When Nathaniel arrived, exhausted from the seven-hour drive, I threw my arms around him with genuine affection.

He drank a beer while talking about how Alchemy had already started a band with Amanda, who later became Absurda Nightingale. He asked if Somersby had taken good care of me.

“Yes,” I said perfunctorily, although I could not look him in the eyes.

“How good?” He twitched and fidgeted as if he suspected something.

“Very good.”

“What does that mean? Exactly.” His right foot tapped uncontrollably against the floor.

“Polyamorously good.”

He slammed the bottle on the counter and his voice trembled. “You did this because you’re angry at me.”

“You think I planned it?”

“Not consciously. You’re too impulsive. But when you’re angry, sex is your weapon. You seduced him to hurt me.”

“No man gets seduced.”

“By you, any man or every man can be seduced.”

“Stop. I’m not going to see him again. Only I can’t live in this backwoods. I can’t. I have to move back to New York at least part time.”

“Do you want to leave me?”

“No! Do you want me to repent? To admit I feel guilty? You want me to say you have saved me? Ha. I saved you. But do I wish I could be monogamous for you? Maybe. If I could change that one thing in me — maybe — but then I wouldn’t be me. I’d be someone else and I don’t want to be anyone else and if I were, you wouldn’t have fallen in love with me.”

“Impeccable Salome logic.” To steady his trembling hands, he gripped the kitchen counter. Then he took off his glasses and rubbed his eyes with his palms and faced me again. I spoke first.

“You’ve hurt me, too.” I didn’t mean his Parisian fling — that didn’t hurt me deeply — but his belief that Somersby or anyone could replace him, that scalded to my core.

He reached for a tissue from the box on the counter and blew his nose.

“Nathaniel, do you hate me now?”

“Of course not.” He put on his glasses. “I don’t want you to be anyone but you. I want only you, and for you to have what you want.” He walked to my side and cupped my head in his hands and kissed my hair. “I’ll serve notice that we’re taking back the apartment after January first.”

47 THE MOSES CHRONICLES (2008)

Child Is Father of the Man

Moses deplaned in Rio and took a taxi to a hotel in the Leblon section of the city. He ate dinner by himself at a churrascaria recommended by the concierge and spent the evening rehearsing his questions and the possible paths of the meeting.

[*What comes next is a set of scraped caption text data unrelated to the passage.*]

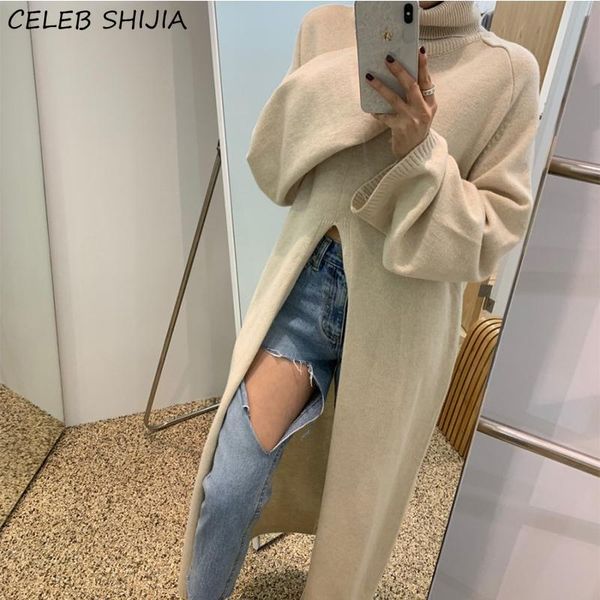 

casual dresses turtleneck knitting dress for woman apricot chic full-sleeve vintage split knitted korean fashion autumn clothing, Black;gray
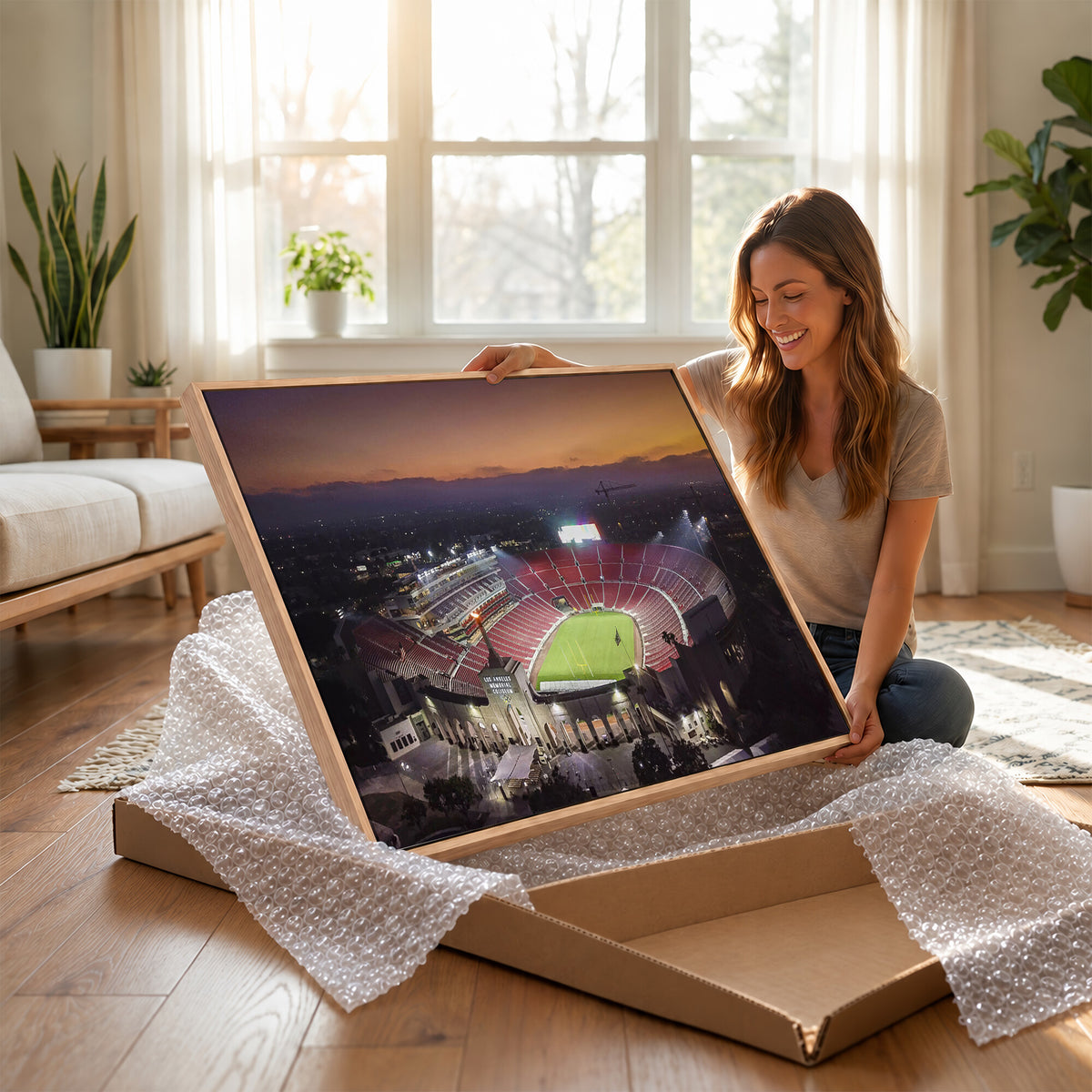 50666-MGV-CV-36X24 - The University of Southern California USC Trojans Football Team Print, Los Angeles Memorial Coliseum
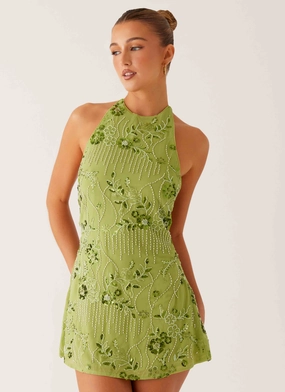 Leo Beaded Mini Dress - Green spring fresh Comfy and Elegant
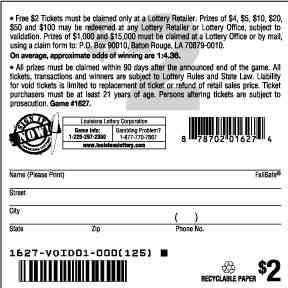 Strike It Rich scratchcard - game number #1627 - back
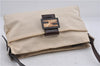 Authentic FENDI Vintage Shoulder Hand Bag Purse Canvas Leather Ivory Brown 6776D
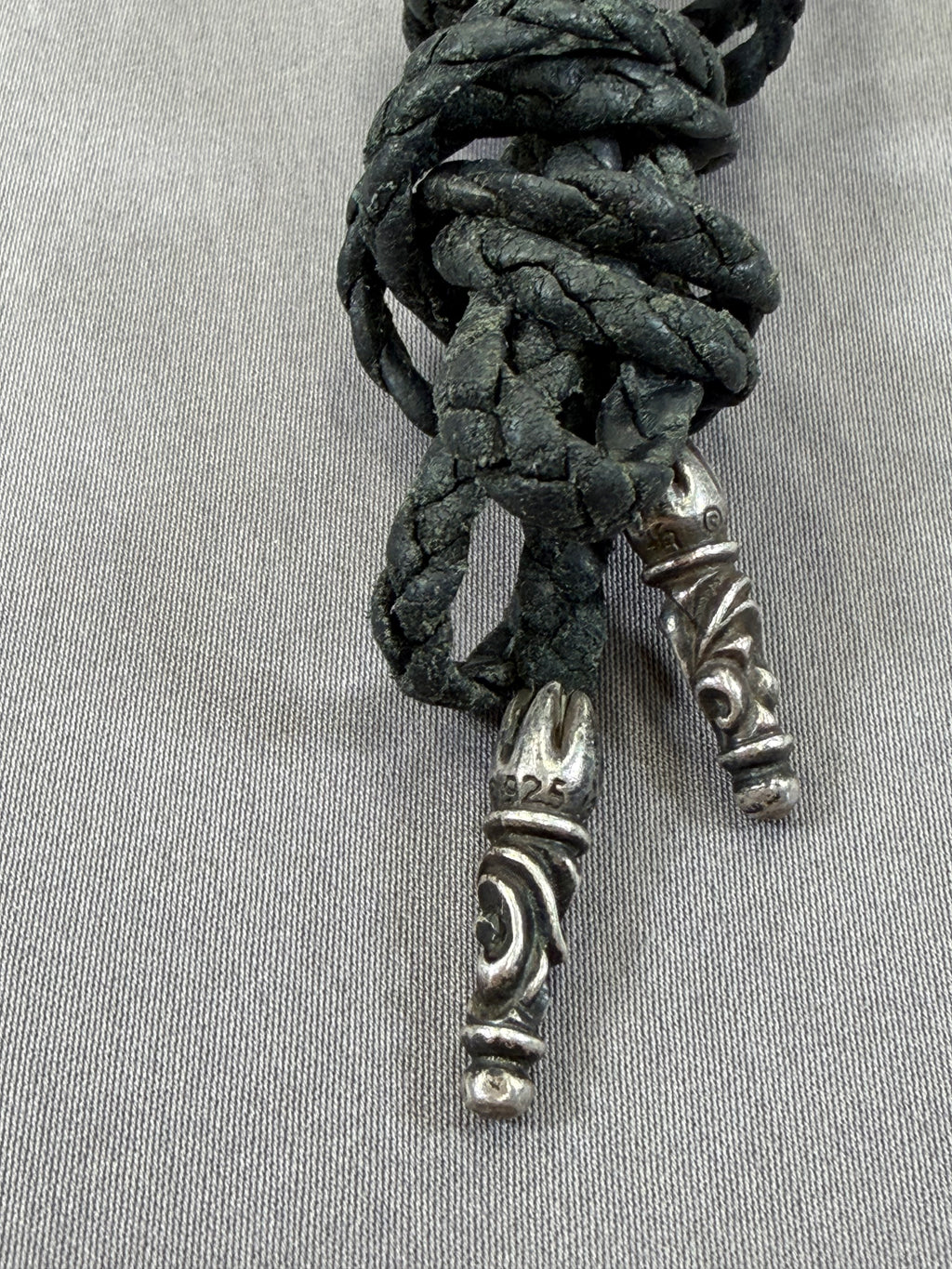 Chrome Hearts Leather Braid Scroll Blade Necklace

In the morning, a hired car drove him to Alphaville, the walled and segregated wealthy community about fifteen miles from Rio. One thousand guards patrolled the city itself with its own parks, shops, and restaurants. At the north gate, the driver handed one of the guards a piece of paper with words written in Portuguese. “Please tell Malcolm Teumer that Moses is here.” Addressing the driver, the guard, dressed in militarystyle uniform, appeared to say something akin to “only preapproved visitors.” Moses stuck his head out the window and made an insistent dialing motion. “Call him.” After a brief phone conversation, the guard pointed, indicating they needed to pull to the side and wait. Moses leaned back. Breathed deep. Closed his eyes. Tried to visualize floating on a tranquil lake. The lake became a typhoon.